In an uncompromising position, a key movement strategy was then seeking alliances, to win people to their side and accumulate power.Footnote 76 One movement figure explained the strategy this way:

This has been a struggle of accumulation. Looking at it from the logic of building power, empowerment, it's a question of accumulation. Accumulated organisation. Accumulated knowledge about mining. Accumulated abilities to do public policy effectively. Accumulated capacity to work effectively with public media and influence public opinion. Accumulated organisations. Accumulation in terms of alliances … We had people talking the same language, really understanding the threat mining would be to a country like El Salvador. So, every time the international, the transnational mining companies would get aggressive in their own campaigns to win hearts and minds, people just didn't believe it.Footnote 77

This strategy of an uncompromising demand and building power and alliances brought the anti-mining antagonism to greater scale. Eventually the national-level Catholic Church, the FMLN and even ARENA politicians supported a ban. Pressuring the government into the early moratorium drew the state into conflict with the mining companies in international court, which possibly brought more indignation against MNCs, increasing mining's unpopularity.Footnote 78

Mining was a volatile issue by the 2009 elections. As anti-mining sentiment galvanised, figures in both parties, like Saca and Mauricio Funes, took anti-mining stances,Footnote 79 and in 2014, then candidate Salvador Sánchez Cerén committed against mining at an anti-mining event in Cabañas.Footnote 80 Public perceptions of mining continued to worsen. By 2015 a survey found 79.5 per cent of residents in potential mining areas considered metal mining unfit for the country.Footnote 81 Mining was politically toxic, and elections tight.
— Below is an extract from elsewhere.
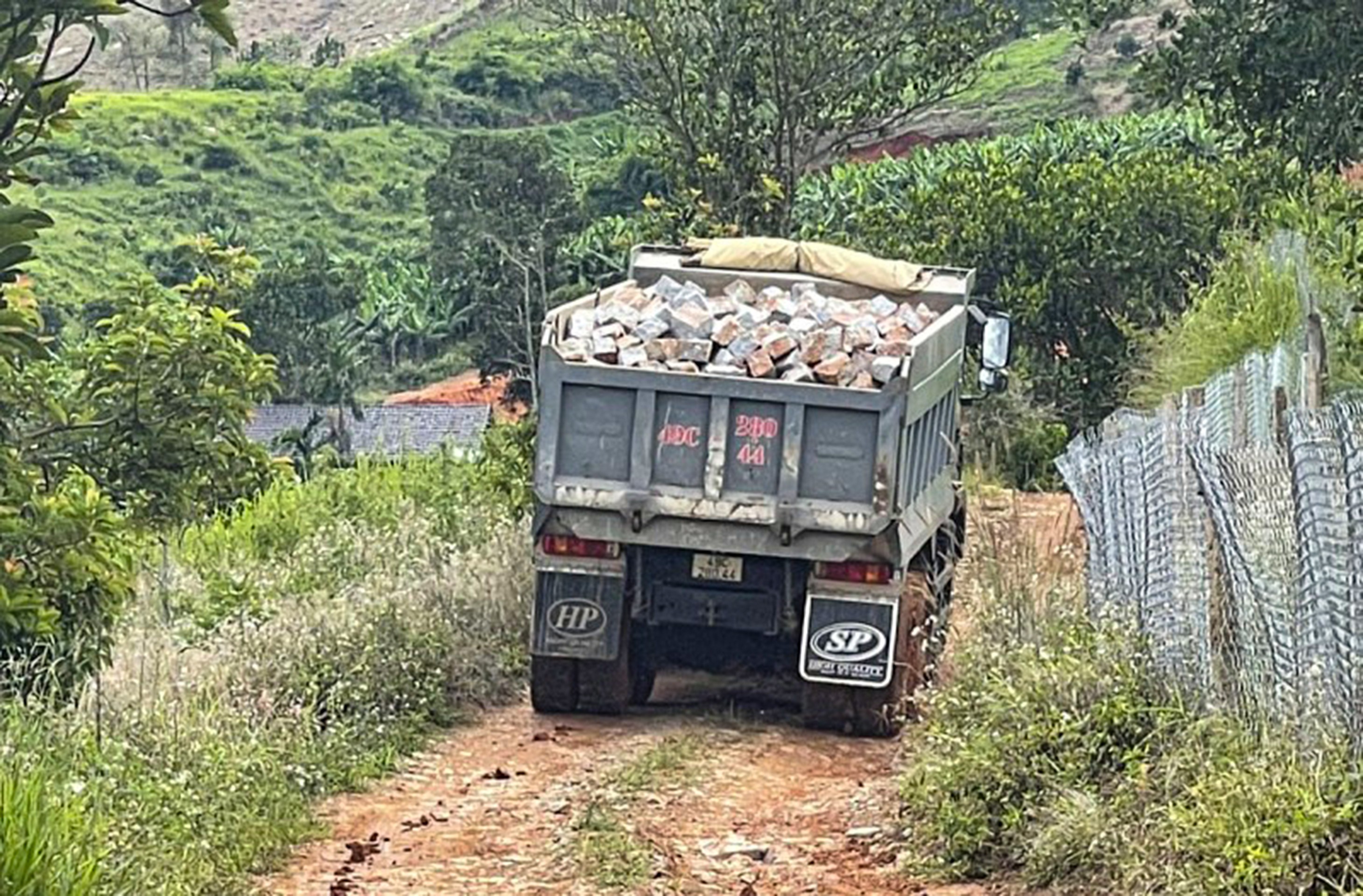 Môi trường - Lâm Đồng: Khai thác đá trái phép xuất hiện nhiều nơi trên địa bàn xã Phi Tô (Hình 2).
The movement also had opportunities through FMLN linkages. The FMLN became a political party following the 1992 Peace Accords, winning the presidency with journalist Funes in 2009. The FMLN's intra-party battles left the old guard controlling the party amid challenges and defection from reformist elements,Footnote 82 and subnational electoral strategy built a strong base.Footnote 83 While the FMLN significantly moderated its positions in the post-war years,Footnote 84 it was still opposed by domestic elites and ARENA. Funes’ attempts to cooperate with business elites eventually failed and ANEP took a policy of confrontation.Footnote 85 It makes sense, then, that the FMLN relied on its historical base.Footnote 86 Movement−party linkages survived, and access to FMLN diputados facilitated coordination between the movement and policy-making institutions.Footnote 87 The FMLN's opposition from the oligarchy constrained progressive action generally, but also preserved partisan linkages between the movement and the FMLN, supporting the ban.

Nicaragua

In Nicaragua, local conflicts eventually spawned a coalition in 2017, but by then domestic elite consultation with the increasingly autonomous Ortega administration entrenched pro-mining policy. Anti-mining action in Nicaragua began in 2004 in Rancho Grande, where, in 2015, after a decade of organising, the government declared mining non-viable.Footnote 88 However, other conflicts across the country over new mining projects, and between MNCs and artisanal miners, saw significant repression and less success.Footnote 89 Perhaps in response to challenges, a state company, the Empresa Nicaragüense de Minas (Nicaraguan Mining Company, ENIMINAS), was created in June 2017 to foster public−private partnerships and expand and secure mining.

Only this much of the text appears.